Lamb markets look good for the future
“This is the perfect storm,” says Kaycee sheep producer Bob Harlan about the sheep industry. “It is absolutely amazing that wool, pelts, meat, offal and salvage value are at an all time high at the same time.”
Brad Anderson, lamb supply manager for Mountain State Lamb Cooperative, says that lamb markets are aggressive and prices are high.
“Prices are down from the all-time market high this summer. They have settled down ten to fifteen cents from a month ago and stayed steady,” says Anderson. “We have not seen the seasonal fluctuation like we have in the past.”
“The current live market has been fairly steady for the last few weeks and really isn’t looking to change as we look forward to the near future,” adds Anderson. “We have enough lambs as we go into the next few weeks, so its not like we’re rushing out to compete on the open market.”
For Wyoming, the lamb market is as strong or stronger than in the rest of the U.S.
“The closing of Iowa Lamb takes away a marketing point for Midwest producers, and now those producers have to figure in freight,” adds Anderson.
Harlan agrees and says, “The sheep packing industry has shrunk. There are only four major packers.”
A new insurance program, LRP insurance, allows producers to lock in a profit.
“Looking at feeders, it is a fairly aggressive market because of the insurance for profit,” says Anderson. “They are competing heavily for feeder lambs in Idaho, Colorado, Wyoming and Utah upward of 2.20 to 2.45 for feeders ranging from 80 to 100 pounds.”
The world market and the value of the dollar also impact lamb markets.
“Australia is offering cuts that are cheaper,” says Anderson. “For instance, loins are seven dollars a pound cheaper than domestic loins, but we just are not sure what the supply will be for imports. If we have a weak dollar, it is not as feasible for them to ship to us.”
Harlan estimates the Australian supply is only 50 percent of what it was 10 years ago.
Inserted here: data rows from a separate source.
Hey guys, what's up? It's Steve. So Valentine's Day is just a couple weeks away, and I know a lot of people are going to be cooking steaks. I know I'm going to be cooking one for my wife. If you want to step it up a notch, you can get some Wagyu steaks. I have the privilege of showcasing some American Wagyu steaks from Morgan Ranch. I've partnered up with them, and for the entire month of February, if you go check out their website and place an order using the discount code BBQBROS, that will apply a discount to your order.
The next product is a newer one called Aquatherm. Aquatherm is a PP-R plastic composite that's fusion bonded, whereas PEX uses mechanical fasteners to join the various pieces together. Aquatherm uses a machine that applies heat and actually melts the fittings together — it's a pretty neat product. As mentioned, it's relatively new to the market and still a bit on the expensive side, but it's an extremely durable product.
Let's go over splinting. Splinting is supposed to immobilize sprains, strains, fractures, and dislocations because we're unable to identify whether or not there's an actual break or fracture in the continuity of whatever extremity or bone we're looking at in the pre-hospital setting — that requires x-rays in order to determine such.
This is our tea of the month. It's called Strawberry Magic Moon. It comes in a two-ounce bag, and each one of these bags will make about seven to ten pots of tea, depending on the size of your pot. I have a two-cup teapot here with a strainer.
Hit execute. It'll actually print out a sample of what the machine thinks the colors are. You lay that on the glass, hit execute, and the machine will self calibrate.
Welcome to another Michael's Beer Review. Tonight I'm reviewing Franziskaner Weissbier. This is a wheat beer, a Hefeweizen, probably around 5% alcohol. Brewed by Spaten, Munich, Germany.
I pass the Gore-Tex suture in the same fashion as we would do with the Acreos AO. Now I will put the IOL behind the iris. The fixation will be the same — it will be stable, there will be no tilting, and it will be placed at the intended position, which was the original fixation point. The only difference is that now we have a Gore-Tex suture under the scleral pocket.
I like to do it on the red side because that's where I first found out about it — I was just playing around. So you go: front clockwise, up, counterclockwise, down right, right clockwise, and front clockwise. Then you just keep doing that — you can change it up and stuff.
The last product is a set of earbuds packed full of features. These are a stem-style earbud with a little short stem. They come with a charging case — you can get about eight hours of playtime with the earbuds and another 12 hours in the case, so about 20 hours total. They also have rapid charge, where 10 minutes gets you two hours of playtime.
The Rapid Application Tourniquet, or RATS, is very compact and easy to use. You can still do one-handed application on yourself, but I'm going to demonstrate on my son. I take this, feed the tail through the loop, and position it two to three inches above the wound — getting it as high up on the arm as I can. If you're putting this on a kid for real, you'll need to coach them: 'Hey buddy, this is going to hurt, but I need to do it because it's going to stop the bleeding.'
“Australia has been in an extended drought and in a shrinking supply. Replacements are being slaughtered,” says Harlan. “New Zealand is also trading sheep acres to dairy acres, limiting supply.”
The limited supply will continue to help prices rise, if demand remains steady.
According to Harlan, domestic slaughter numbers are down 14 percent.
“There is no volume of lambs in the United States,” he says. “When we keep replacements, that makes our slaughter numbers go down.”
“In the world, there is no great supply of lambs,” adds Harlan. “World supply of meat is down, and there is no meat in the freezer, which puts us back in true supply and demand scenario.”
Harlan describes that because of the weak dollar, importers don’t want to send their lamb to the U.S., so domestic producers aren’t competing as heavily with foreign supply.
“Gross carcass value for January to June of 2011 is up 36 percent from January to June 2010,” says Harlan. “We thought times would never get better than 2010, but they did.”
Anderson looks to this winter and spring, saying, “I think it’ll be a great winter and spring for producers. If you are raising lambs and selling them yourself, it looks great.”
“I think we’ll start to see more expansion in Wyoming and Idaho because producers have large incomes this year and are looking at having some tax liability,” says Anderson. “They are going to want to buy more ewes and increase a little bit.”
“The lamb feeder’s problem is amazing,” agrees Harlan. “When lamb feeders make money, they go out and buy more lambs.”
The week of Sept. 2, feeder lambs sold in Billings, Mont. between 213 and 243.50. According to the USDA Agriculture Marketing Service, lamb carcasses sold higher across the board.
Harlan also sees that the salvage value of ewes is high, meaning the sheep industry is doing well.
“The salvage value of a ewe is 70 to 100 dollars. Salvage value of ewes has got to be one of the most important things,” says Harlan. “When you can sell your old ewe for good money, that means the sheep industry is fairly strong.”
Harlan also estimates that salvage value will only continue to increase.
“The salvage value is going to be incredibly for two or three years because there are no sheep,” explains Harlan.
“There are opportunities out there,” says Harlan. “Wyoming was made with sheep on the range with no supplemental feed. You take a sheep out, and if you have good management skills, there is good opportunity right there.”